• PROBLEM:
Reproduce the records precisely. Every line should be included.

Records from a data collection
-------------------------
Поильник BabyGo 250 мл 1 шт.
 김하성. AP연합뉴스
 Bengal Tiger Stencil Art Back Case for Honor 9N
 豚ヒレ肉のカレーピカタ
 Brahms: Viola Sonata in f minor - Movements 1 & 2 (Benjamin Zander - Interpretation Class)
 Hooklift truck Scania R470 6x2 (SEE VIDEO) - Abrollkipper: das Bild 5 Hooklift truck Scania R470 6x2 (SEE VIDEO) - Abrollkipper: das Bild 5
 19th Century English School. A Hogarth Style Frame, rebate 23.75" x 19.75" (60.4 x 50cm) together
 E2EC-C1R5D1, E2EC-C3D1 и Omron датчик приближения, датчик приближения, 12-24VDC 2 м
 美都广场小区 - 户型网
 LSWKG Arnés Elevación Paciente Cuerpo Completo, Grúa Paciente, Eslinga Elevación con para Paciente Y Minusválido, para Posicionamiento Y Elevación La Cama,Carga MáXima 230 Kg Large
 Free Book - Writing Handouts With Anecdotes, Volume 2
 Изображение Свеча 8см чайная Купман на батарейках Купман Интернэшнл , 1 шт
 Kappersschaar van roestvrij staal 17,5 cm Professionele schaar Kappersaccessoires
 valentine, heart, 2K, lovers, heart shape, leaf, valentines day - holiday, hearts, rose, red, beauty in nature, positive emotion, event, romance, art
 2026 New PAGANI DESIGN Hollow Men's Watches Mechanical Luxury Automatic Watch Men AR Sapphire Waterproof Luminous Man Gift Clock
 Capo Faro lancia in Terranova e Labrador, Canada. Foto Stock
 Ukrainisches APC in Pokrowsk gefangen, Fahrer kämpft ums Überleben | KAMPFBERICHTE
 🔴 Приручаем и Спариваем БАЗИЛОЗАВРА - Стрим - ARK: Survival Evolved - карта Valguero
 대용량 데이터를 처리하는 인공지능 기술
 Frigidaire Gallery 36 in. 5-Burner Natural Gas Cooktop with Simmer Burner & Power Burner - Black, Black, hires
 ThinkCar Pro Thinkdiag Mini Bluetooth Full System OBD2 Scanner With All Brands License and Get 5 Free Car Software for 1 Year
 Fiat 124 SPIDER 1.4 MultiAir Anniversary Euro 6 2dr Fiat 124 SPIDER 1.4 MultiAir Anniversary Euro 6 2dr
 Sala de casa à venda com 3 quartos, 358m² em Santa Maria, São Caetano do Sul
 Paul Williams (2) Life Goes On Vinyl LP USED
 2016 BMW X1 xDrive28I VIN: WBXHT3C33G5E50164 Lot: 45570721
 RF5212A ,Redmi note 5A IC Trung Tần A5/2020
-------------------------
• SOLUTION TO THIS TASK:
Поильник BabyGo 250 мл 1 шт.
 김하성. AP연합뉴스
 Bengal Tiger Stencil Art Back Case for Honor 9N
 豚ヒレ肉のカレーピカタ
 Brahms: Viola Sonata in f minor - Movements 1 & 2 (Benjamin Zander - Interpretation Class)
 Hooklift truck Scania R470 6x2 (SEE VIDEO) - Abrollkipper: das Bild 5 Hooklift truck Scania R470 6x2 (SEE VIDEO) - Abrollkipper: das Bild 5
 19th Century English School. A Hogarth Style Frame, rebate 23.75" x 19.75" (60.4 x 50cm) together
 E2EC-C1R5D1, E2EC-C3D1 и Omron датчик приближения, датчик приближения, 12-24VDC 2 м
 美都广场小区 - 户型网
 LSWKG Arnés Elevación Paciente Cuerpo Completo, Grúa Paciente, Eslinga Elevación con para Paciente Y Minusválido, para Posicionamiento Y Elevación La Cama,Carga MáXima 230 Kg Large
 Free Book - Writing Handouts With Anecdotes, Volume 2
 Изображение Свеча 8см чайная Купман на батарейках Купман Интернэшнл , 1 шт
 Kappersschaar van roestvrij staal 17,5 cm Professionele schaar Kappersaccessoires
 valentine, heart, 2K, lovers, heart shape, leaf, valentines day - holiday, hearts, rose, red, beauty in nature, positive emotion, event, romance, art
 2026 New PAGANI DESIGN Hollow Men's Watches Mechanical Luxury Automatic Watch Men AR Sapphire Waterproof Luminous Man Gift Clock
 Capo Faro lancia in Terranova e Labrador, Canada. Foto Stock
 Ukrainisches APC in Pokrowsk gefangen, Fahrer kämpft ums Überleben | KAMPFBERICHTE
 🔴 Приручаем и Спариваем БАЗИЛОЗАВРА - Стрим - ARK: Survival Evolved - карта Valguero
 대용량 데이터를 처리하는 인공지능 기술
 Frigidaire Gallery 36 in. 5-Burner Natural Gas Cooktop with Simmer Burner & Power Burner - Black, Black, hires
 ThinkCar Pro Thinkdiag Mini Bluetooth Full System OBD2 Scanner With All Brands License and Get 5 Free Car Software for 1 Year
 Fiat 124 SPIDER 1.4 MultiAir Anniversary Euro 6 2dr Fiat 124 SPIDER 1.4 MultiAir Anniversary Euro 6 2dr
 Sala de casa à venda com 3 quartos, 358m² em Santa Maria, São Caetano do Sul
 Paul Williams (2) Life Goes On Vinyl LP USED
 2016 BMW X1 xDrive28I VIN: WBXHT3C33G5E50164 Lot: 45570721
 RF5212A ,Redmi note 5A IC Trung Tần A5/2020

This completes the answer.